Wolfe silently cursed as her nosy question replayed once again inside his head. That’s what you got for opening up to a woman. Psychobabble and a week-long headache.

He’d made a mistake—too many where she was concerned—but as long as he made the other night his last he could live with it.

Now all he had to do was to reinstate the cool professionalism he was renowned for and get back on task.

In some ways he had hoped taking last night off would help with that. He’d met a mate in Rome at a nightclub he’d hated before he’d even made it past the officious bouncer. When he’d hit the dance floor with a super-sexy Italian girl his head had started aching from the loud music and his body had all but yawned with boredom. Boredom? At breasts bursting out of a short dress that would send any normal man into a frenzy of desire? Ridiculous. Or so Tom had informed him.

‘Wolfe?’

His name falling from Ava’s delectable lips was like a husky invitation to his senses. In his mind’s eye he imagined her rising gracefully from the cushioned stool on which she sat. Saw her loosen the sash on her robe, knew that it would fall halfway open, catch on the crest of her nipples and hold, revealing the temptation of her flat belly and the brunette curls he longed to bury his face in. She would hold his gaze, tilt her cute nose and saunter towards him. Then she’d arch her imperious brow, wrap her arms around his neck and pull his mouth to hers.

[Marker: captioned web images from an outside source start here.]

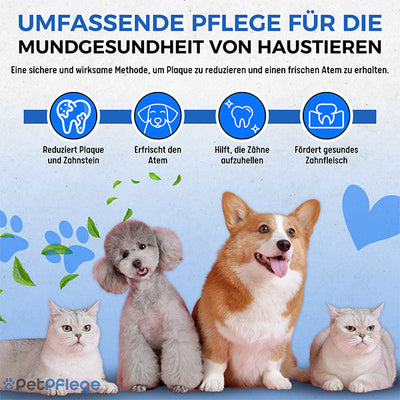 Wie wäre es mit nur 20 weiteren PetPflege™ Zahnreinigung Feldbett für Haustiere für NUR €9,99?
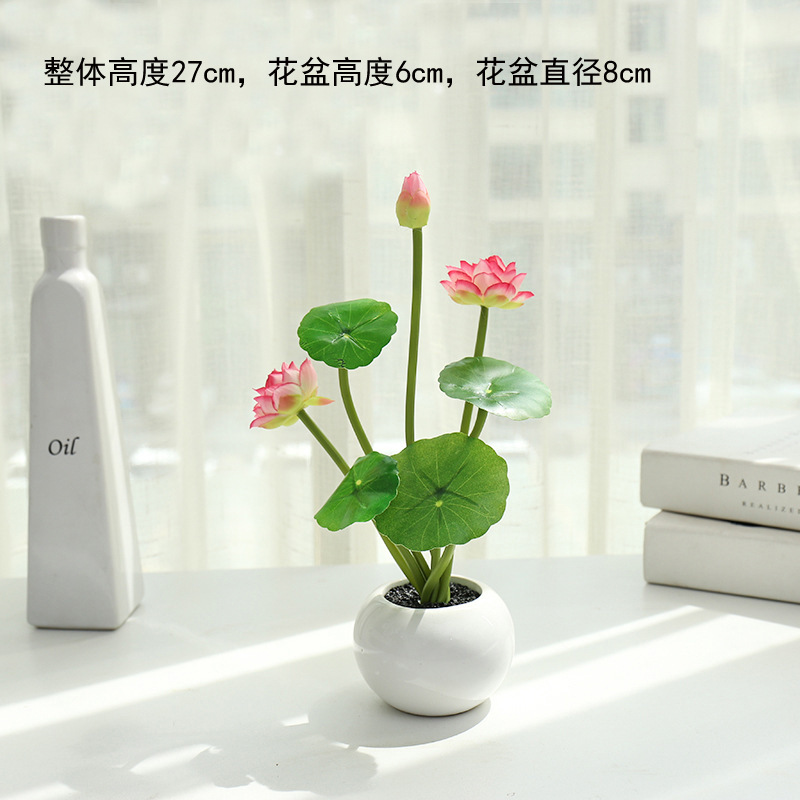 JH4566 loto rosa en maceta ☆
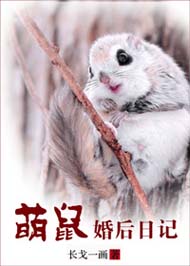 萌鼠婚后日记封面
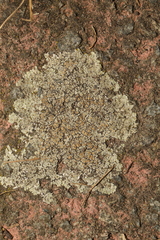 Protoparmeliopsis muralis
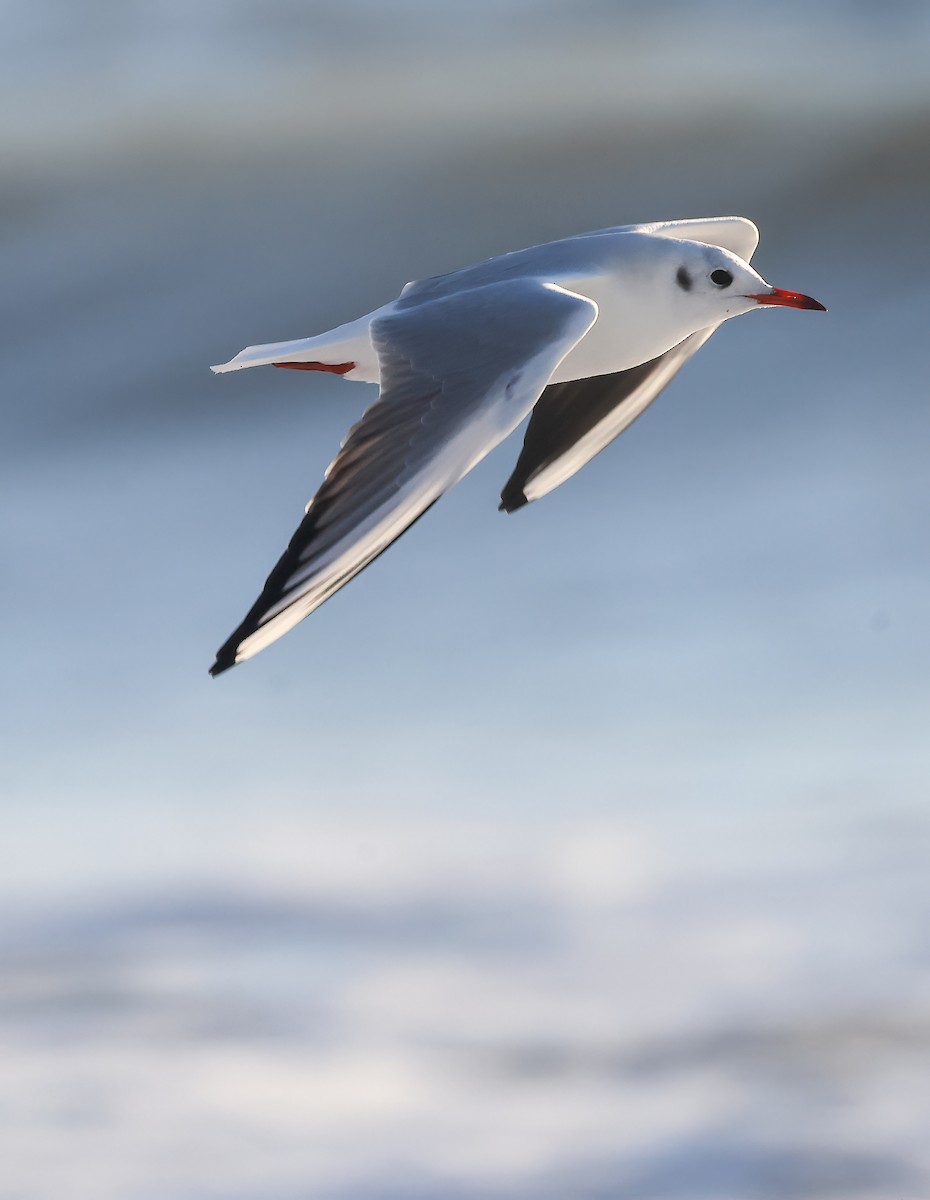 Black-headed Gull - ML613017503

Of course she didn’t do any such thing.

Instead she picked up her hairbrush and ran it through her hair in long, languid strokes. Wolfe glanced sideways and saw the discarded jodhpurs and billowy white shirt she had worn riding earlier that day with suitor number two hundred and one, and all he wanted to do was ride her. Hard.

For nearly three weeks he’d held it together. Held his desire for her at bay. Held his self-control in check. Why was it pulling at him now? Making him sweat?

But he knew, didn’t he?

Lorenzo, the urbane Prince of Triole, wanted her—and her father had decided he was the one. He’d asked Wolfe to do a special security check on him to clear the way. Tonight Lorenzo would no doubt try to stake his claim on her. Knowing how much she sought her father’s approval, how much she wanted to do the right thing by her country, he was very much afraid she’d go along with it. Not that he should care. It wasn’t as if he had made a claim on her himself.

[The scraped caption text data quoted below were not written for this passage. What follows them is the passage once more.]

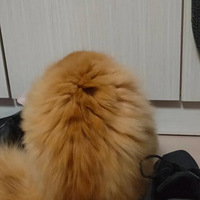 �ұ���ĺÿɰ� ��ëС����������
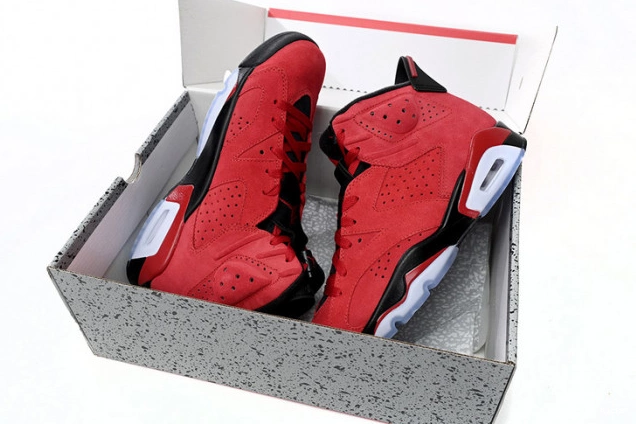 CT8529-600 Air Toro Jordan 6 0811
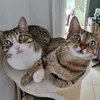 apeach&amario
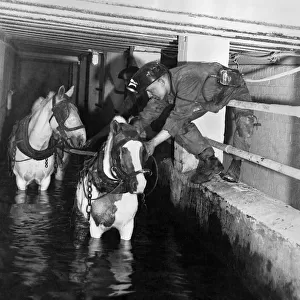 Coal Mining Pit Ponies. March 1941 P017821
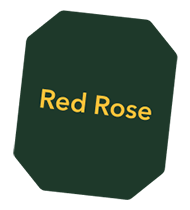 red-rose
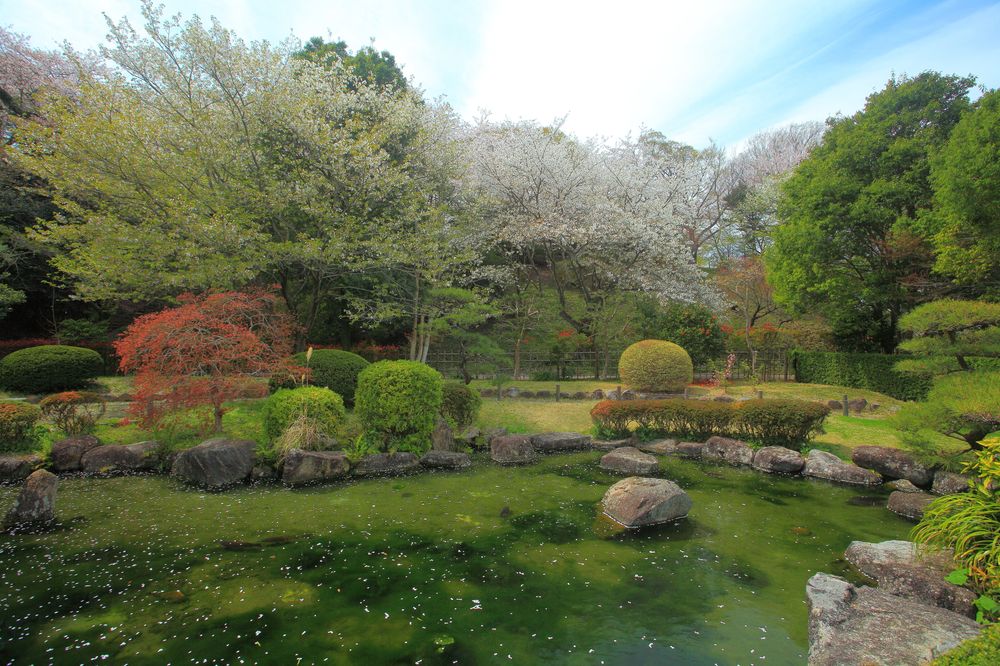 あけぼの山公園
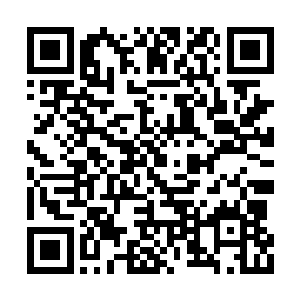 杨建军正提着他那只很有特色的大喷壶在浇着花二维码生成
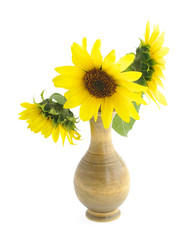 sunflowers in vase on white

‘Wolfe?’ Her voice had risen with concern at his delayed response to her question. ‘Do you have news about who caused Frédéric’s accident?’

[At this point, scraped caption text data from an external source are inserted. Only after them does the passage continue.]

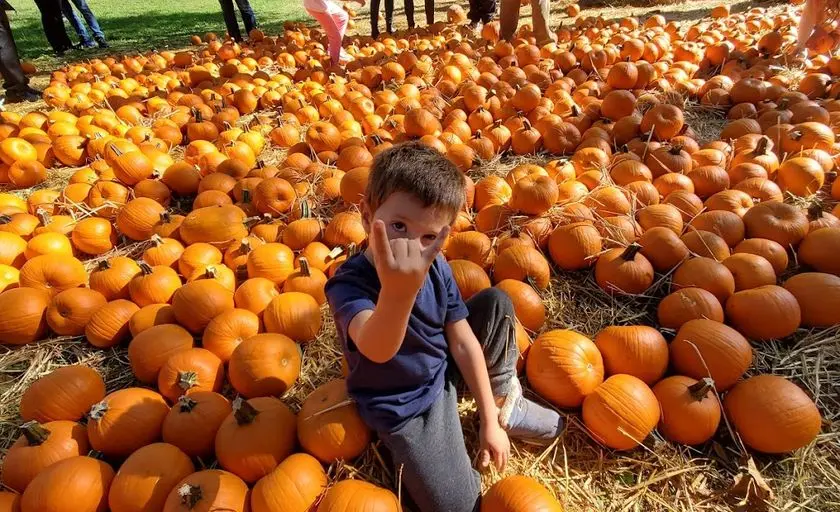 Photo of  Green Meadows Farm New York Oakland Gardens, New york - 2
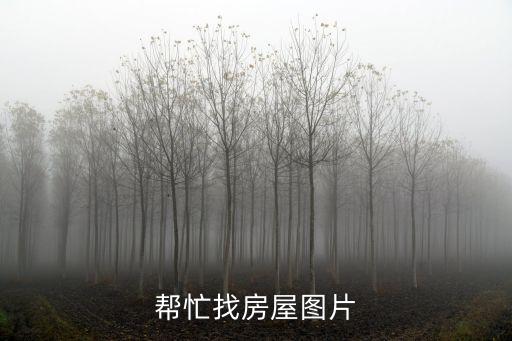 屋子圖片，單間裝修圖片 房屋裝修 單間裝修效果圖 33平米超小戶型裝修圖片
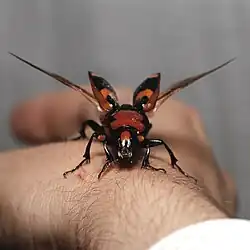 The American burying beetle, Nicrophorus americanus, about to take flight.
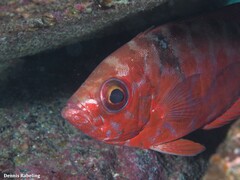 Heteropriacanthus fulgens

‘No.’ Wolfe grated harshly, holding up the crumpled piece of paper he’d printed out five minutes ago. ‘I’m here about this.’

She glanced at the document before cutting her eyes back to him. ‘Am I supposed to know what “this” is?’

‘Your itinerary.’

‘Oh, that.’ She turned back to the mirror dismissively. ‘You told me to tell you in advance when I planned to make changes to it.’

‘I remember telling you it was dangerous to change it.’

Her nonchalant shrug ratcheted up his tension levels. ‘It’s going to be a lovely day tomorrow and—’

‘You’ve been to Paris before,’ he interrupted impatiently. ‘Hell, you lived here for eight years. Why do you need to go on some convoluted walking tour?’

‘I have not been here for nearly a month. I want to see the city again.’

Wolfe bit back a string of curses at her determined expression. ‘Look out of the window.’ He gestured to the one behind him without really seeing anything. ‘To the right the Eiffel Tower, to the left Notre Dame.’

‘Actually, that’s Hôtel de Ville to the left. You cannot see Notre Dame from that window.’ She regarded him steadily. ‘Have you ever actually walked around Paris before, Wolfe?’

‘Sure. I’ve strolled from the airport to the car and from the car to whatever building I needed to enter.’

‘Well, that at least explains why you don’t understand my need to reconnect with the city,’ she said. ‘I might not be back here for some time and I want to wander up through Montmartre to Sacré Coeur, have lunch, and check out the new installation in my gallery before it is disassembled.’